**** Dataset excerpts

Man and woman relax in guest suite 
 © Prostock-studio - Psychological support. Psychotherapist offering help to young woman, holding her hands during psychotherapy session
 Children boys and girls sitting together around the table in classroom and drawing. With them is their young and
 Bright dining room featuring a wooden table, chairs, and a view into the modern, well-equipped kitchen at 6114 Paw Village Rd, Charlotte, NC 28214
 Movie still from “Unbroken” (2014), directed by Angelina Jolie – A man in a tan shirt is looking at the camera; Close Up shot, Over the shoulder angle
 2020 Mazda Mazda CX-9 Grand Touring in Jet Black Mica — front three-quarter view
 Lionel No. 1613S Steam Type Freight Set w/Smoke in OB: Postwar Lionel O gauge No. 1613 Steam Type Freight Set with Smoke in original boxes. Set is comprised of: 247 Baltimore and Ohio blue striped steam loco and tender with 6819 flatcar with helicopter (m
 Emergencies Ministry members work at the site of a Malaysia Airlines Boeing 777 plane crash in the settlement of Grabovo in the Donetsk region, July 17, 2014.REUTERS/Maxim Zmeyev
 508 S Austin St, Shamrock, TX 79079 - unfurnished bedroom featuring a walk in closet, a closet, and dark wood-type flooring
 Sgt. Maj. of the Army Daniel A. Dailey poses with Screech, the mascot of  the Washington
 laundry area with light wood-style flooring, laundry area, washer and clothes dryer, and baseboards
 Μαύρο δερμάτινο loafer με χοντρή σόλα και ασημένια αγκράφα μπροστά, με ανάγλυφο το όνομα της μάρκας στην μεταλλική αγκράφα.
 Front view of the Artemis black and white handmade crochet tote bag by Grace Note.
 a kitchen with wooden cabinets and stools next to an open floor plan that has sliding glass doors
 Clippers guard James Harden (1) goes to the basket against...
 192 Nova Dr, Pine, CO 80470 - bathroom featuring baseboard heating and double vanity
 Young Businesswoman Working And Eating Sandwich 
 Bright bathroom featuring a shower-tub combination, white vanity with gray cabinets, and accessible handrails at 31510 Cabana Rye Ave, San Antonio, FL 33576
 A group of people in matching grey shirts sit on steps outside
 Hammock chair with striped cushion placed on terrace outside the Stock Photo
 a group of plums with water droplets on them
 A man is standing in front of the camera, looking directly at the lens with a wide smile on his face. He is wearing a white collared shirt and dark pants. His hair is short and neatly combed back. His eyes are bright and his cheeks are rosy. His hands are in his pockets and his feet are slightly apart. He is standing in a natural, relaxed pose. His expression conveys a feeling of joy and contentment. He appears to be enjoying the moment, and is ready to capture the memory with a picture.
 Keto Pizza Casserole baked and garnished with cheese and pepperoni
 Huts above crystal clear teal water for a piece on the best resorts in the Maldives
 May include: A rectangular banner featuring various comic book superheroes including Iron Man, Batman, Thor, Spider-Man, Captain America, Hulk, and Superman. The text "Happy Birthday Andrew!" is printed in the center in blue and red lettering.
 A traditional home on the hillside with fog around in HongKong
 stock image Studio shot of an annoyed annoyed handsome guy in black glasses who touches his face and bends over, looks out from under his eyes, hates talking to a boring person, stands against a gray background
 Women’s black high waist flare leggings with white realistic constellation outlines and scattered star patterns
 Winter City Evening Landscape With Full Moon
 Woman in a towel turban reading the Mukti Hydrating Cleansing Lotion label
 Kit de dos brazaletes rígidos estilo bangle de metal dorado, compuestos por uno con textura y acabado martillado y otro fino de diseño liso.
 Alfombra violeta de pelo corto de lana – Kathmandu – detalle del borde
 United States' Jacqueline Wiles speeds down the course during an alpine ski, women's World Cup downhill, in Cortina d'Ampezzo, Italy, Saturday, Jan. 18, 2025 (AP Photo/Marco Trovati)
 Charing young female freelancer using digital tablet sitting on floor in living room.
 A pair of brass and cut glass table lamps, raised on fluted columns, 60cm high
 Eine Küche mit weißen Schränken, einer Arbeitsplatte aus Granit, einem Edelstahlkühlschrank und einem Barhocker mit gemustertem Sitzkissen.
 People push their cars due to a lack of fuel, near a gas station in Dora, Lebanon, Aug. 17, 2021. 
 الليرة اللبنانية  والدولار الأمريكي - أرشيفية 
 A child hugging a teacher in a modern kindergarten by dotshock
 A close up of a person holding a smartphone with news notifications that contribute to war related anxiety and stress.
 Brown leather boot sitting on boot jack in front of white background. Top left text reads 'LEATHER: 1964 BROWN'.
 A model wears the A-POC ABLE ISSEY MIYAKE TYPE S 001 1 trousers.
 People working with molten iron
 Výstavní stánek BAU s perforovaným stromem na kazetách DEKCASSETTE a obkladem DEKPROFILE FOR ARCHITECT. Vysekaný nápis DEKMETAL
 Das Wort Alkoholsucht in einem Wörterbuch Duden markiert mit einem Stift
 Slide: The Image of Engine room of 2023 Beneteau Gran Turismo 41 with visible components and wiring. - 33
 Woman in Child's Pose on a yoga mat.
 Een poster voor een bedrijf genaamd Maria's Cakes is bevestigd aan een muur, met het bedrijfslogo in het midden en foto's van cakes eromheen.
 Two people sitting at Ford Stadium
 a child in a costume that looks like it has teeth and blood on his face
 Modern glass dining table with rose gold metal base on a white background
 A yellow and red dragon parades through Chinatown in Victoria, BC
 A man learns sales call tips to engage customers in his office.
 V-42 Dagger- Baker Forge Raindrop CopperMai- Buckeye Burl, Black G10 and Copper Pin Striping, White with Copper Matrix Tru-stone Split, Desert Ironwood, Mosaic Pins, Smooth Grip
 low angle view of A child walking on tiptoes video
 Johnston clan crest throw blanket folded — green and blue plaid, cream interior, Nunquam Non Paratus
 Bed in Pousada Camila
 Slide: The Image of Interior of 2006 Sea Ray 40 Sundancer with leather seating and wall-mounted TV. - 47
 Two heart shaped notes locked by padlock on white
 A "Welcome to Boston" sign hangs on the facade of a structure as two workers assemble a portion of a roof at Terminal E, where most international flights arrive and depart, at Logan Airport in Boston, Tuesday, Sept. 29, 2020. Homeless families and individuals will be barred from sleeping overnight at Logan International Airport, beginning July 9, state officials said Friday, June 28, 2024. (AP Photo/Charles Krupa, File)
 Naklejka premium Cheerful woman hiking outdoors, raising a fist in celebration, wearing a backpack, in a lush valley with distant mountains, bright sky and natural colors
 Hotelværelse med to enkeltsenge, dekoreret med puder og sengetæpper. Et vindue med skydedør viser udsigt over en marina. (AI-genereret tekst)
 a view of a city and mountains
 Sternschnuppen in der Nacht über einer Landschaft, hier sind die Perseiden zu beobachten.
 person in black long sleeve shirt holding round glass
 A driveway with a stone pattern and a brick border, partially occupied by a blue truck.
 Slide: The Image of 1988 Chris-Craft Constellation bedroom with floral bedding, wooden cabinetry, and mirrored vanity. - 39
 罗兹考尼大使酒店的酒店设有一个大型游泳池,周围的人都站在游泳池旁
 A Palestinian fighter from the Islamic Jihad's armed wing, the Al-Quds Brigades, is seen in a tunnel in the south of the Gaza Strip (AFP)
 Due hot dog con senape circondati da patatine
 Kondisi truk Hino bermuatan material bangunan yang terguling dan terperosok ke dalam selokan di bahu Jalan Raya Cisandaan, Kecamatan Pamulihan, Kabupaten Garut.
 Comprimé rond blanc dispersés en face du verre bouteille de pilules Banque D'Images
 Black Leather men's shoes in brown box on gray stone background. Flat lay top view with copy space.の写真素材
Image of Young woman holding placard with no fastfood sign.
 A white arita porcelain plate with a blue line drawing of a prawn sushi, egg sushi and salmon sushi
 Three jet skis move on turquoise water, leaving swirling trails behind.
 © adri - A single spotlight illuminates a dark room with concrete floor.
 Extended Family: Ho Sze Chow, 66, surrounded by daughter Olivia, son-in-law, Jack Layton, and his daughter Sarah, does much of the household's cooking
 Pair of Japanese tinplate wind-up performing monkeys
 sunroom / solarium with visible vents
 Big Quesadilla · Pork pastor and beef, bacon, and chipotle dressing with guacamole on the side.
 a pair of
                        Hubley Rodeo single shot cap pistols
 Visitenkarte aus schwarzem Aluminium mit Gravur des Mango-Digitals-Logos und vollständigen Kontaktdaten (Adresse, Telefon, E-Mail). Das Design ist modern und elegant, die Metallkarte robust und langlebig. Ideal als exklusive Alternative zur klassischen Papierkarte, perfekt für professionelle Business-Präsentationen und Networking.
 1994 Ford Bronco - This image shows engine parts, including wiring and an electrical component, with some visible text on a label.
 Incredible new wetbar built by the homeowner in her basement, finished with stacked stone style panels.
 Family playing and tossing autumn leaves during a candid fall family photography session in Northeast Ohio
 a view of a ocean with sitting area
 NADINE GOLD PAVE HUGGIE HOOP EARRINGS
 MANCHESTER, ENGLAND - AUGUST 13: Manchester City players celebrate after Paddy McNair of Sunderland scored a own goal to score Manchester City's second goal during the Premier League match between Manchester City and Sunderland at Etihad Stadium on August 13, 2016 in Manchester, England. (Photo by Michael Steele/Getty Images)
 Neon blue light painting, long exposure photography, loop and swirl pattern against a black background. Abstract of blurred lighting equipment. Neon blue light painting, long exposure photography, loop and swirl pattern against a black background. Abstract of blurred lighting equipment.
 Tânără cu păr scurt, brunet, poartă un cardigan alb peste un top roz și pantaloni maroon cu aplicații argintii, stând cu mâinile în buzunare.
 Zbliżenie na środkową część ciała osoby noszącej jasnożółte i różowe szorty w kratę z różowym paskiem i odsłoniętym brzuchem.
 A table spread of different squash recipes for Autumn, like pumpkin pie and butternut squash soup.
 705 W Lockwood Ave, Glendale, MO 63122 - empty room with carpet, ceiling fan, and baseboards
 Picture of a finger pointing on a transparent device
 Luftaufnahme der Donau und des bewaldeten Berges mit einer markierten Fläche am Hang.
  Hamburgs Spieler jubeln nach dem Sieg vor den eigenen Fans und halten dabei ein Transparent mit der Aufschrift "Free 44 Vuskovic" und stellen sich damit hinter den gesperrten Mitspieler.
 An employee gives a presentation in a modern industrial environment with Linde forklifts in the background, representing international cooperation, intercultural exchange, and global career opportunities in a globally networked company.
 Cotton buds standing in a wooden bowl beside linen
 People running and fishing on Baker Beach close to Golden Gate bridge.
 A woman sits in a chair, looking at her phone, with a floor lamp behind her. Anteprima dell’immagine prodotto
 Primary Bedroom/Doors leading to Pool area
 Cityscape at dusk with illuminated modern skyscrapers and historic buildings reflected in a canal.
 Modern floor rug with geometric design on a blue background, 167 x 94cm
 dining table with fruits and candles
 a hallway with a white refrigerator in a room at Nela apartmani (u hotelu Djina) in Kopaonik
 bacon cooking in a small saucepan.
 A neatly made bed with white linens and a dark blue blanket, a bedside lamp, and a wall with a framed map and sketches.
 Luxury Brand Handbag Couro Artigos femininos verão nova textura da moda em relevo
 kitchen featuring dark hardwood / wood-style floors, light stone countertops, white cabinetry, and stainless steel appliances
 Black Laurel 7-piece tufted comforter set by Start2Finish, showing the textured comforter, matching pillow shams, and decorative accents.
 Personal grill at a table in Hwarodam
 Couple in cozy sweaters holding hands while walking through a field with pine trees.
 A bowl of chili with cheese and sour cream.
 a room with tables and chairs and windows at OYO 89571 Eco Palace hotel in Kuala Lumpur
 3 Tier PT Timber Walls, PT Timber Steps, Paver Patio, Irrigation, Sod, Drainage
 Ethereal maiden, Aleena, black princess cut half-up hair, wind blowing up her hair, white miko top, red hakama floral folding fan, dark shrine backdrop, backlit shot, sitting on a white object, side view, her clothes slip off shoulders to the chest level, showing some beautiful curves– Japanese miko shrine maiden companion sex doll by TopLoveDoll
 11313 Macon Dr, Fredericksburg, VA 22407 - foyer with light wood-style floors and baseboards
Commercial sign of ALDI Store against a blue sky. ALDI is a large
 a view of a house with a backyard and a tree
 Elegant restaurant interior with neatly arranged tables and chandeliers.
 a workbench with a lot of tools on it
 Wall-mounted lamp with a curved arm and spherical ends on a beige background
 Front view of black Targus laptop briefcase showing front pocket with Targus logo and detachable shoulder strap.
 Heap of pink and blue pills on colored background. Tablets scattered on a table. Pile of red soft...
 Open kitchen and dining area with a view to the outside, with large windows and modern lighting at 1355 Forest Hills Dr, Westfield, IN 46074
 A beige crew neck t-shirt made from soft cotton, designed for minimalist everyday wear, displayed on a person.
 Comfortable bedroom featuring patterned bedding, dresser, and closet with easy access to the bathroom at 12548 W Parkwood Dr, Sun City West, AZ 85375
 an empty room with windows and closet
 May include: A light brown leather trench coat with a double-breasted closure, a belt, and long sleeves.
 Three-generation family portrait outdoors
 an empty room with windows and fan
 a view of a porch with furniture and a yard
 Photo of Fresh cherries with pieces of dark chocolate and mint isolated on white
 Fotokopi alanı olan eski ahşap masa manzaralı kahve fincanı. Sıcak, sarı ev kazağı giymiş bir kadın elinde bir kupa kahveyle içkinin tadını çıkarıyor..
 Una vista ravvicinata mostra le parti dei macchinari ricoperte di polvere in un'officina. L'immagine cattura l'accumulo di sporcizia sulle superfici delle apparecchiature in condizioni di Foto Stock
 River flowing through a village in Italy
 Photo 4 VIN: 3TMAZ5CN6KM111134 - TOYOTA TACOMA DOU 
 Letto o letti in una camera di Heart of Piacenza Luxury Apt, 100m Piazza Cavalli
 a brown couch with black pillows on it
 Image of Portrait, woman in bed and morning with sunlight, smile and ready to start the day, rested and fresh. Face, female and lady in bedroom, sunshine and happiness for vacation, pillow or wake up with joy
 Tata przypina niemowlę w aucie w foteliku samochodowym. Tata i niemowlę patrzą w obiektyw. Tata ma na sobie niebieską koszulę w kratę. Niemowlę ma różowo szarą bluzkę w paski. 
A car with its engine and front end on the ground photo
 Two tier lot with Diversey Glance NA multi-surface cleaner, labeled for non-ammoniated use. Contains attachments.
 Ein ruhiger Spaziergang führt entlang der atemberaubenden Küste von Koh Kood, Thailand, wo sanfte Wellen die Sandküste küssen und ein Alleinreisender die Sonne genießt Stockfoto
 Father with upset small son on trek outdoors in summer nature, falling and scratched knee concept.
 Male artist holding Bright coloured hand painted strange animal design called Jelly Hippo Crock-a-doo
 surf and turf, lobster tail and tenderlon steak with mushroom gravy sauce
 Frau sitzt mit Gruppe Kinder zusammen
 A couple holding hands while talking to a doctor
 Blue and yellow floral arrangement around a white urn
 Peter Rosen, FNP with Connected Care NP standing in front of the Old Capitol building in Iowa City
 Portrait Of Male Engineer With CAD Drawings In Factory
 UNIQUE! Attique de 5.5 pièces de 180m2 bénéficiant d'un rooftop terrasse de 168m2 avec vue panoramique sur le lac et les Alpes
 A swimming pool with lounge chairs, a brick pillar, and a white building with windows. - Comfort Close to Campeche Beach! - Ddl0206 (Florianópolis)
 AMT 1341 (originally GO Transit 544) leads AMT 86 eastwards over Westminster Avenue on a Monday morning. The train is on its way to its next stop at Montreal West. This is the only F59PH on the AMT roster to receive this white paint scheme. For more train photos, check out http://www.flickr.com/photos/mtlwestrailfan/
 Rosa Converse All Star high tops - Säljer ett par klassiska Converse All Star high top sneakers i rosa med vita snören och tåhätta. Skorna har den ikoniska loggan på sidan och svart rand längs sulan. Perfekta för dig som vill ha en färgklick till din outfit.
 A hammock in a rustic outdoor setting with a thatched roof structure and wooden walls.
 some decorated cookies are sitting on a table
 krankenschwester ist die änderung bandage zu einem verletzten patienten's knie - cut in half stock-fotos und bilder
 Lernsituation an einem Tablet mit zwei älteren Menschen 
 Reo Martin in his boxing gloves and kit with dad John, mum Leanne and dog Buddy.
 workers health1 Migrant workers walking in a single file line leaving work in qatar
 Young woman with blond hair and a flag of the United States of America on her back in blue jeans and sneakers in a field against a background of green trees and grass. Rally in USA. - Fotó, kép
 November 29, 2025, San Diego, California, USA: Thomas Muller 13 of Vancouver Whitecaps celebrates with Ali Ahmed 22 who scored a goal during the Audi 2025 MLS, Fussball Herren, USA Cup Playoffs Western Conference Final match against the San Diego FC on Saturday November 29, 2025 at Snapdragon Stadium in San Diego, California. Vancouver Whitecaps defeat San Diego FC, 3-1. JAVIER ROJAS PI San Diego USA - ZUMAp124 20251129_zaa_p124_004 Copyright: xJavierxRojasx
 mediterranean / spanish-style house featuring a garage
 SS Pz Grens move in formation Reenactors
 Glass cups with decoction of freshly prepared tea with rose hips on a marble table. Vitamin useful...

********

▸ **About this exercise**: Write out exactly the lines above from the line with "Three jet skis" through the line with "Hubley Rodeo single", both of them included, and leave out all other lines.

▸ **Reply to the exercise**:
 Three jet skis move on turquoise water, leaving swirling trails behind.
 © adri - A single spotlight illuminates a dark room with concrete floor.
 Extended Family: Ho Sze Chow, 66, surrounded by daughter Olivia, son-in-law, Jack Layton, and his daughter Sarah, does much of the household's cooking
 Pair of Japanese tinplate wind-up performing monkeys
 sunroom / solarium with visible vents
 Big Quesadilla · Pork pastor and beef, bacon, and chipotle dressing with guacamole on the side.
 a pair of
                        Hubley Rodeo single shot cap pistols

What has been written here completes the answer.